Note that the use of "\t", "\n", or "\f" requires use of double-quotes rather than single-quotes.


This creates a plot of the sum of the 2nd and 3rd data against the first: The format string specifies comma- rather than space-separated columns. The same result could be achieved by specifying `set datafile separator ","`.

           plot 'file' using 1:($2+$3) '%lf,%lf,%lf'

In this example the data are read from the file "MyData" using a more complicated format:

           plot 'MyData' using "%*lf%lf%*20[^\n]%lf"

The meaning of this format is:

           %*lf        ignore a number
           %lf         read a double-precision number (x by default)
           %*20[^\n]   ignore 20 non-newline characters
           %lf         read a double-precision number (y by default)

One trick is to use the ternary `?:` operator to filter data:

           plot 'file' using 1:($3>10 ? $2 : 1/0)

which plots the datum in column two against that in column one provided the datum in column three exceeds ten. `1/0` is undefined; `gnuplot` quietly ignores undefined points, so unsuitable points are suppressed. Or you can use the pre-defined variable NaN to achieve the same result.

In fact, you can use a constant expression for the column number, provided it doesn't start with an opening parenthesis; constructs like `using 0+(complicated expression)` can be used.
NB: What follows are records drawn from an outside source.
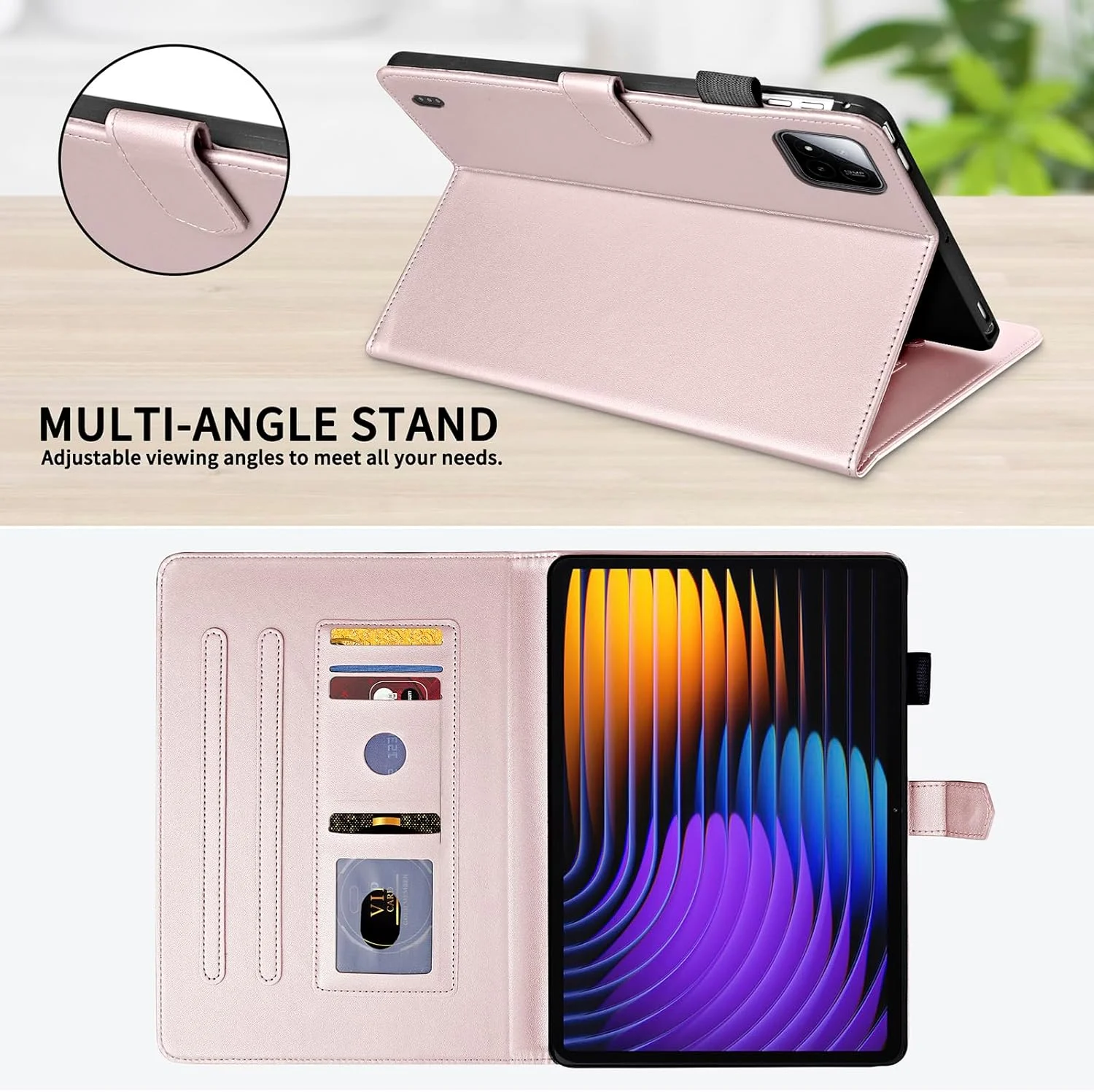 کیف محافظ چرمی ویتازی مناسب برای تبلت شیائومی Mi Pad 7 / Pad 7 Pro 11.2 اینچ 2024، مناسب کاربری تجاری، دارای جای کارت و استند، طلایی رز کیف محافظ چرمی ویتازی مناسب برای تبلت شیائومی Mi Pad 7 / Pad 7 Pro 11.2 اینچ 2024، مناسب کاربری تجاری، دارای جای کارت و استند، طلایی رز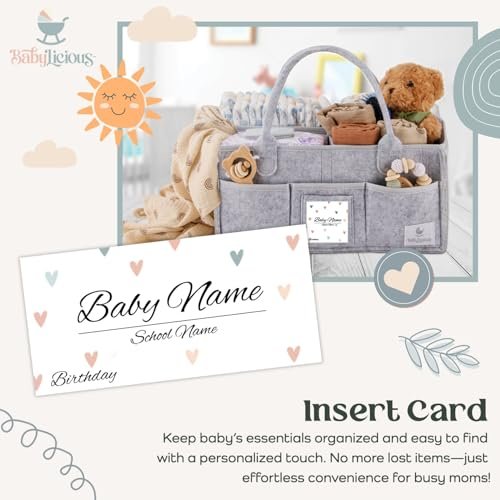 Babylicious Baby Diaper Caddy Organizer | Felt Changing Table Organizer - Large | Diaper Organizer for Changing Table | Name Card Included - Newborn Essentials Must Haves for Parents Heather Grey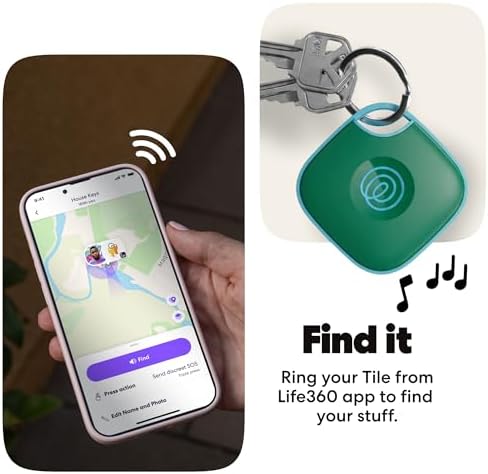 Life360 Tile - Bluetooth Tracker, Keys Finder and Item Locator for Keys, Bags and More. Phone Finder. Both iOS and Android Compatible. 1-Pack (Green Surf) - Image 4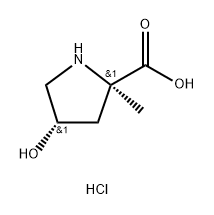 D-Proline, 4-hydroxy-2-methyl-, hydrochloride, trans- (9CI) 化学構造式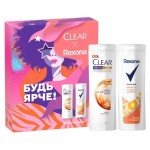 Набор подарочный женский Clear + Rexona, шампунь 200 мл + гель для душа 200 мл (kastd) Набор подарочный женский Clear + Rexona, шампунь 200 мл + гель для душа 200 мл (kastd)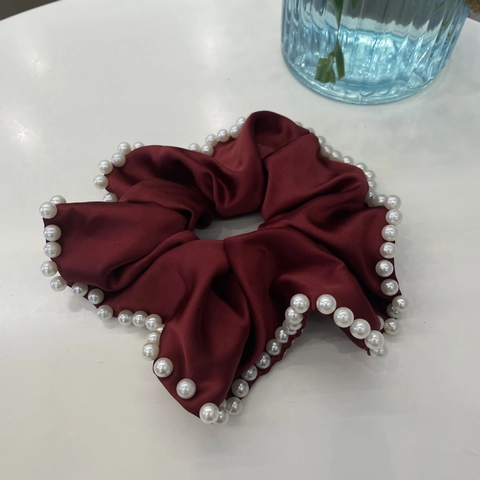 Scrunchie Vintage in Velluto e Raso con Perle per Donna Eleganti Elastici per Capelli Bordeaux e Neri Grandi Accessori Moda Capelli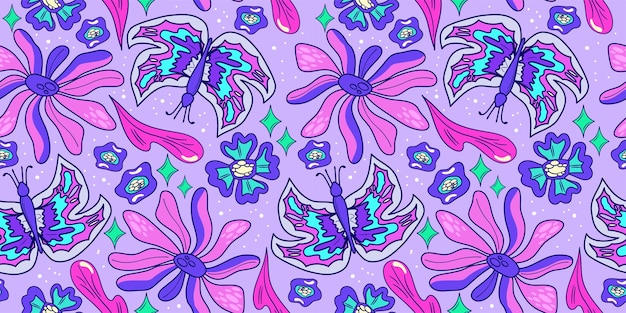 Vector patrón psicodélico trippy de flores y mariposas sin costura patrón sin costuras psicodélico púrpura estampado de margarita floral mágico diseño trippy ilustración plana floral hippie estampado retro y2k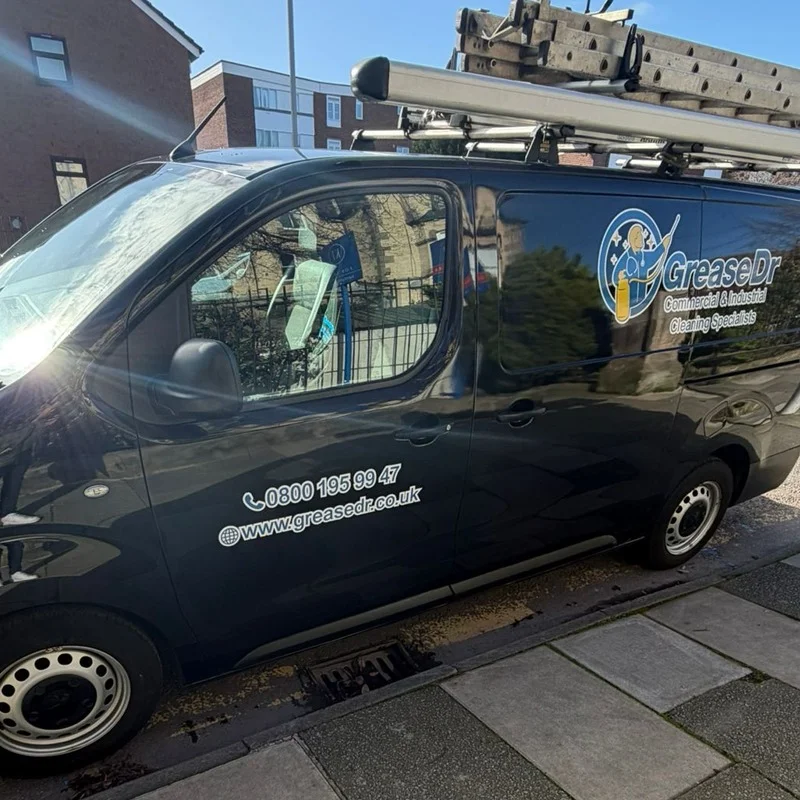 Grease Dr van on the way to a commercial kitchen deep clean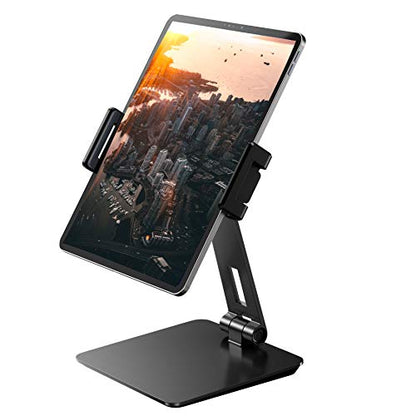 Maxonar iPad Stand Holder, Heavy-Duty Aluminum Alloy Tablet Stand, 360° Swivel Foldable iPad Pro Air Charging Stand Holder for Desk Bed Store POS Showcase Reception Kitchen Office (6-13''), Grey - color: Grey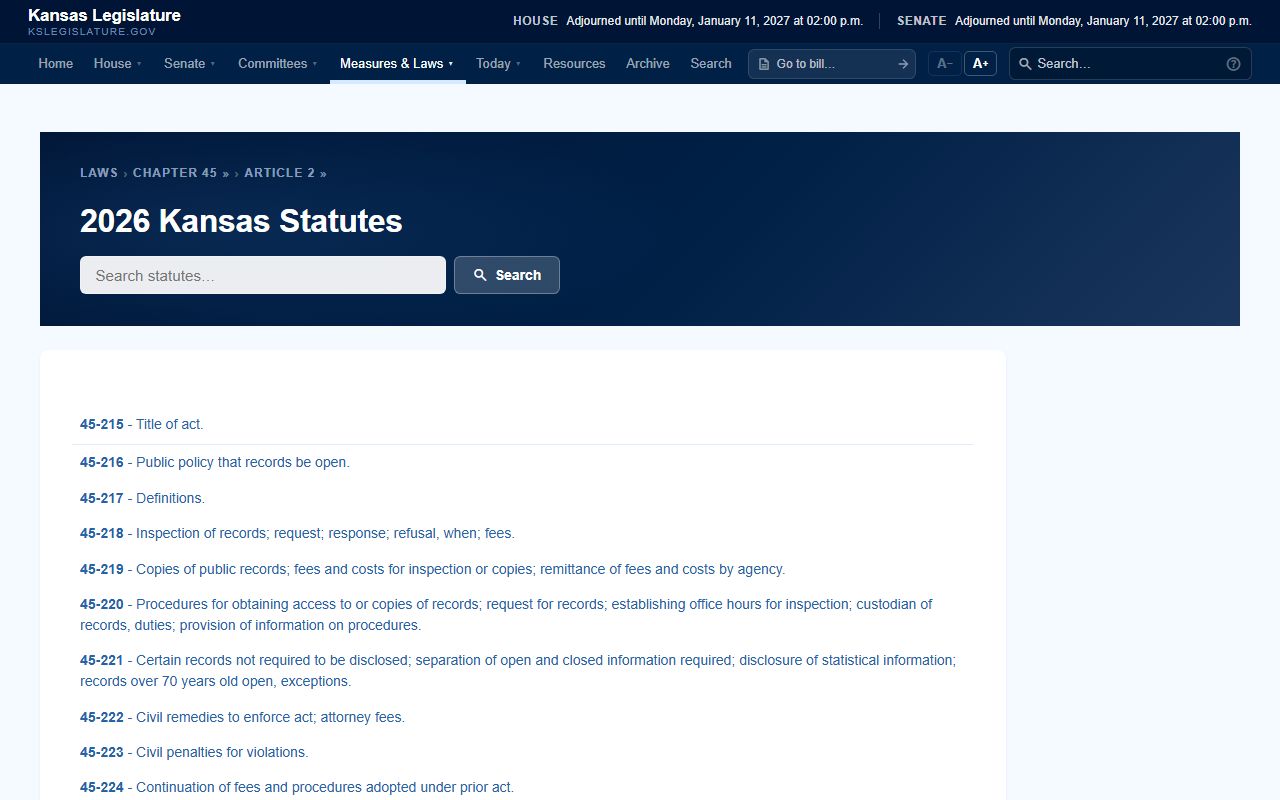 Woodson County Clerk of the District Court Kansas open records chapter source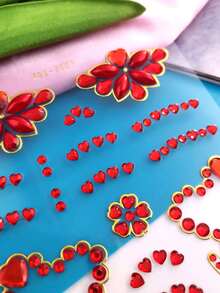 1张浪漫红色爱心花朵闪亮水钻DIY面部贴片，自粘式面部宝石，适用于情人节约会、婚礼妆容和浪漫派对，可重复使用，闪亮面部水钻，适合女性和DIY美妆爱好者。 - 彩色 - 查看 6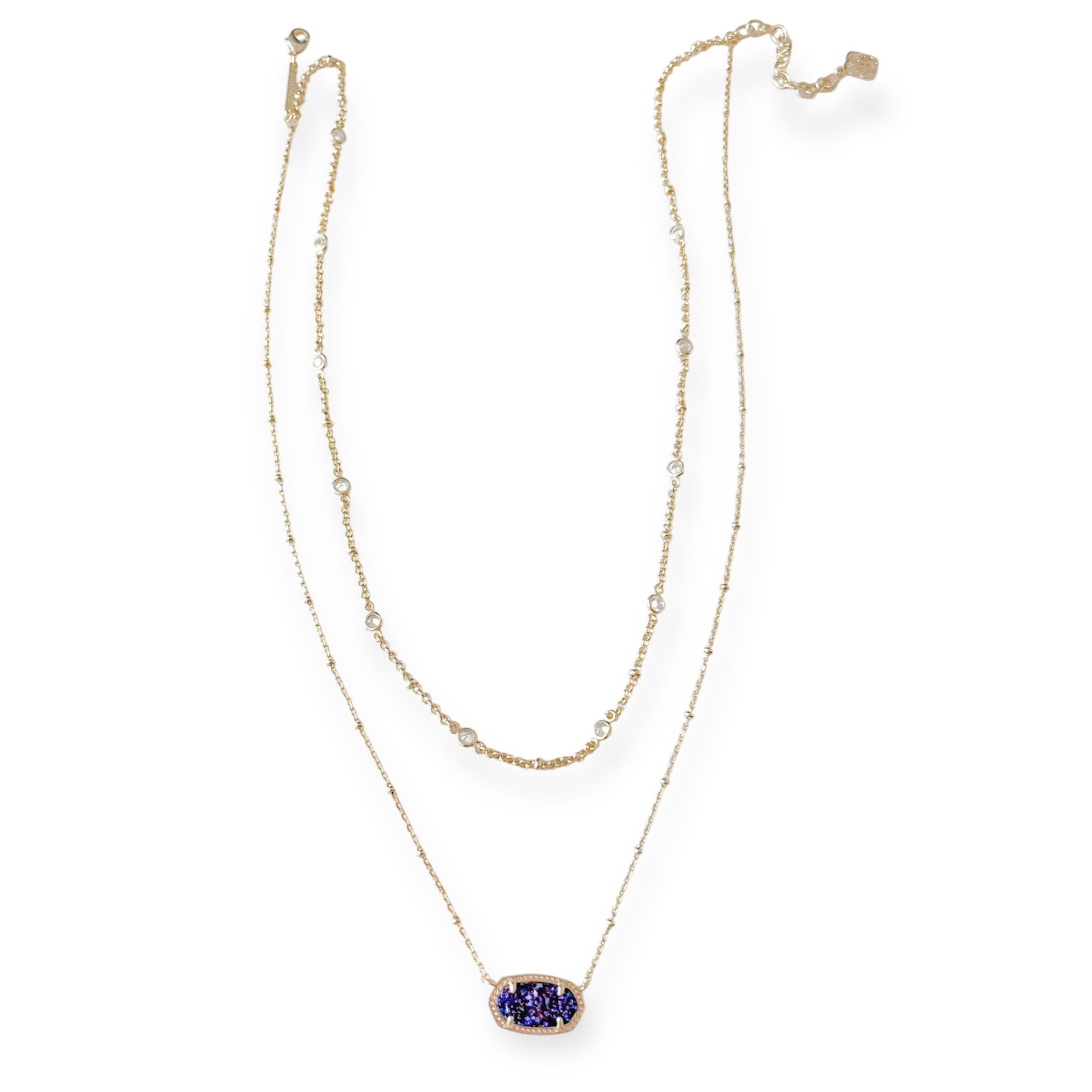 Elisa Gold Multi Strand Necklace in Royal Blue Drusy
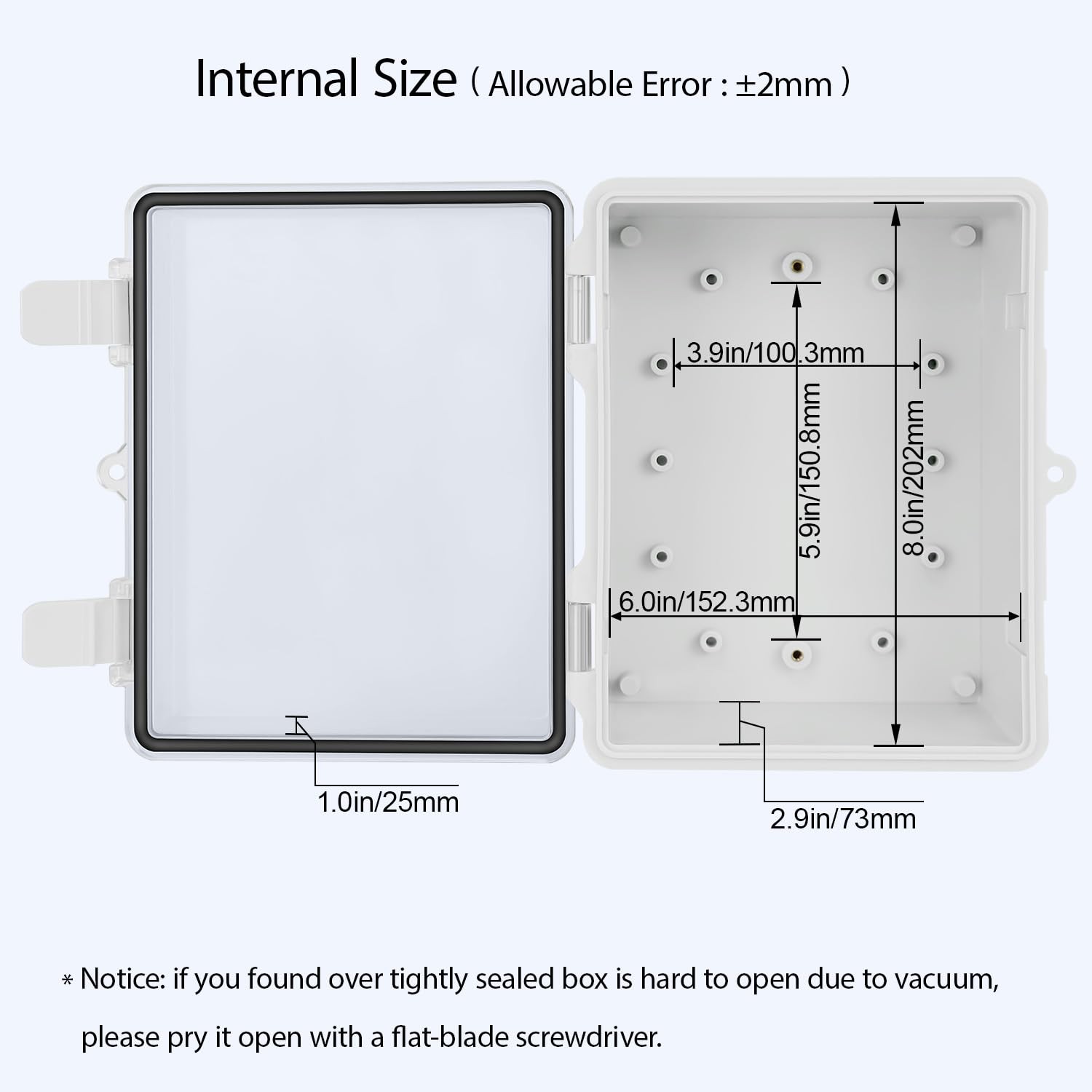 LMioEtool ABS Plastic Dustproof Waterproof 8.7″ x 6.7″ x 4.3″, Clear Cover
The crucial point is that the expression is evaluated once if it doesn't start with a left parenthesis, or once for each data point read if it does.

If timeseries data are being used, the time can span multiple columns. The starting column should be specified. Note that the spaces within the time must be included when calculating starting columns for other data. E.g., if the first element on a line is a time with an embedded space, the y value should be specified as column three.

It should be noted that `plot 'file'`, `plot 'file' using 1:2`, and `plot 'file' using ($1):($2)` can be subtly different: 1) if file has some lines with one column and some with two, the first will invent x values when they are missing, the second will quietly ignore the lines with one column, and the third will store an undefined value for lines with one point (so that in a plot with lines, no line joins points across the bad point); 2) if a line contains text at the first column, the first will abort the plot on an error, but the second and third should quietly skip the garbage.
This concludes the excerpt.